レフトウィッチ氏は「FHIRにはすでに数多くの事例がありますが、すべての仕組みを置き換えるものではありません。いくつかの標準仕様を連携するハイブリッドの標準仕様の世界になります。インターシステムズのプラットフォームでは、FHIRをはじめとした複数の標準に対応したデータ連携機能を提供しています」と話している。

  • レフトウィッチ氏によるユニークなプレゼンテーション資料

    レフトウィッチ氏によるユニークなプレゼンテーション資料

世界最先端の技術による医療アプリをInterSystemsで実現

最後のセッションには、インターシステムズジャパン 日本統括責任者の植松裕史氏、およびテクニカルコンサルティング部 上級コンサルタントの堀田稔氏が登場。「Bring Together The Information That Matters --AI・IoT時代におけるすべての医療健康情報利用にあたっての課題とソリューションの考察」と題した講演を行った。

インターシステムズジャパン 日本統括責任者 植松裕史氏

インターシステムズジャパン 日本統括責任者 植松裕史氏

植松氏は「AIやIoTなど新しい技術が次々と登場するが、こうした“言葉”に惑わされることなく、その時代に何が重要なのかを常に意識しておくことが必要です。“イノベーション”という言葉も同じです。
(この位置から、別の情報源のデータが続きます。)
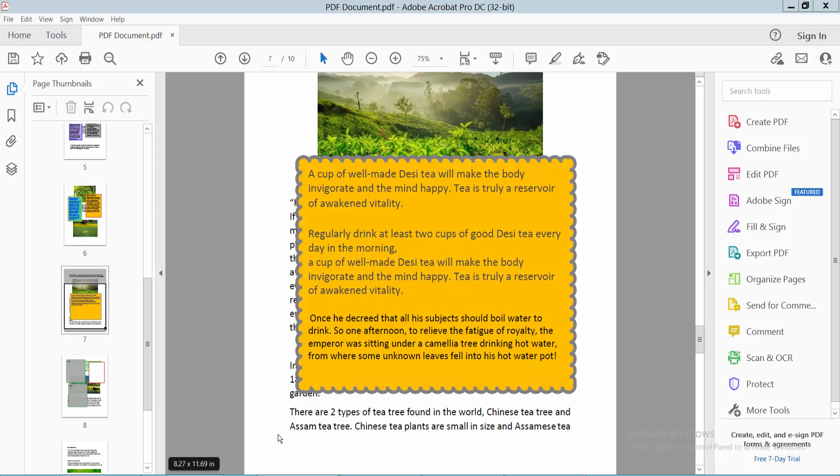Hello everyone, today I will show you how to make text bold and italic in a text box using Adobe Acrobat DC mobile. This is my text box. I will make this text bold and italic. First, click on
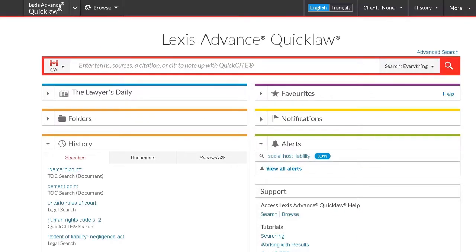Welcome to the Lexis Advance Quick Law Searching Secondary Sources module. In this learning module, we're going to look at how to find and search secondary sources on Lexis Advance Quick Law.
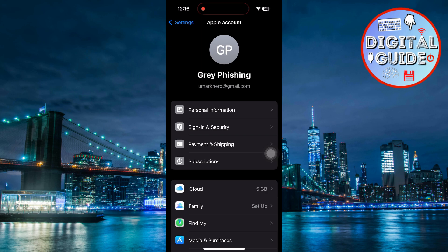Inside this menu, you'll find different options like iCloud, media and purchases, subscriptions, and more. What you need to select here is Payment and Shipping.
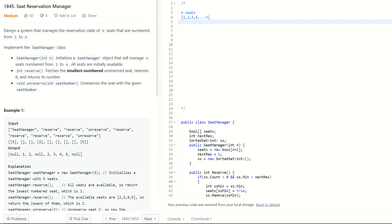Then you have another method called Reserve. What it does is fetch the smallest numbered unreserved seat, reserve it, and return its number. So you just call reserve with no parameters — whatever the smallest available number is, it reserves that for you and returns the number. The next method is Unreserve: you call it with a seat number to unreserve an already reserved seat — essentially releasing it.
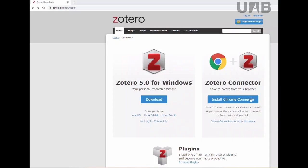To get started with Zotero, go to the web page zotero.org/download. There you can download the suitable Zotero version for the platform you use. You will also find the connector you need for your browser.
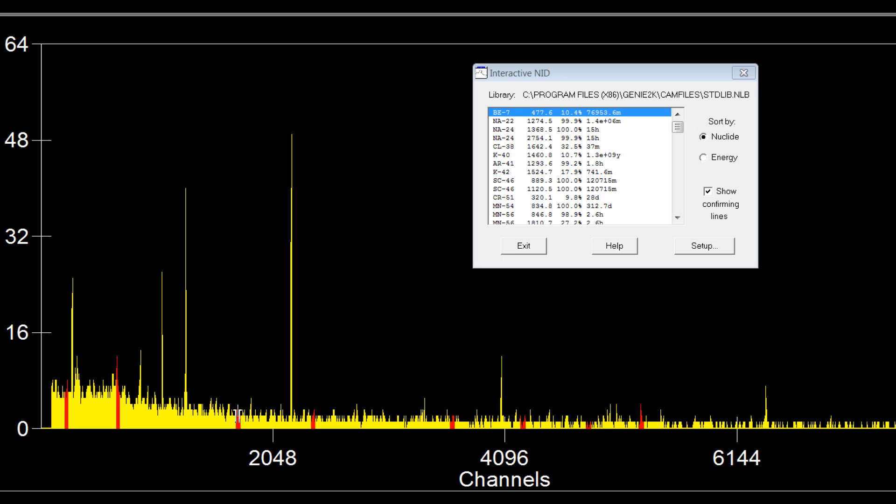So this is a swipe from a car when it has been raining. Quite a dirty car actually. You can see all these nice little peaks from potassium-40 and these radon daughters that we talked about before, as they were washed out during the rain.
本は紙から電子書籍に、映画は映画館からネット配信へ、タクシーはUberへと、ビジネスモデルが大きく変化しています」と話す。

医療ITも、医事会計システムの登場や臨床システムの登場など、いくつかのイノベーションを経験している。こうしたイノベーションはゆっくりと起こるわけではなく、ある時点で急速に変化する。現在はクラウドやビッグデータなどを活用する「ソサエティ4.0」から、AIやIoTなどの最先端技術を活用する「ソサエティ5.0」へと進化している。

ソサエティ5.0により、医療IT環境も大きく変化する。あらゆる医療情報を連携し、共有できるインフラが必要であり、ITを活用した「患者情報 360°」の実現が求められる。患者情報360°の実現には、(1)個人・院内・地域に広がる患者情報を共有できる医療ITアーキテクチャ、(2)記述情報をコンピュータ処理に適した形に変換する自然言語解析技術の2つの要素が必要になる。

インターシステムズジャパン テクニカルコンサルティング部 上級コンサルタント 堀田稔氏

インターシステムズジャパン テクニカルコンサルティング部 上級コンサルタント 堀田稔氏

インターシステムズでは、自然言語処理技術として「InterSystems NLP」を提供している。堀田氏は「従来の自然言語解析技術は、オントロジーや辞書を使ってトップダウンに単語の集合体を抽出し、それを解析するのが一般的です。InterSystems NLPは、辞書なしで文書を解析し、文の構造そのものから意味を持つ一連の文字列であるエンティティを抽出するボトムアップのアプローチで、発見的な探索を可能にするとともに、辞書を常に最新の状態にする労力からも解放されます」と話す。

  • InterSystems NLPの説明
  • InterSystems NLPによる自然言語処理 概念図

最後に植松氏は「自然言語解析や相互運用性、情報共有など、医療に必要なIT技術を1つのプラットフォーム上で活用できるのがInterSystems HealthShareです。2018年10月には、医療アプリ開発に特化したデータプラットフォームであるInterSystems IRIS for Healthも発表しました。これらの製品で、世界最先端の技術を組み込んだ医療アプリを実現できます」と話し、本セミナーを締めくくった。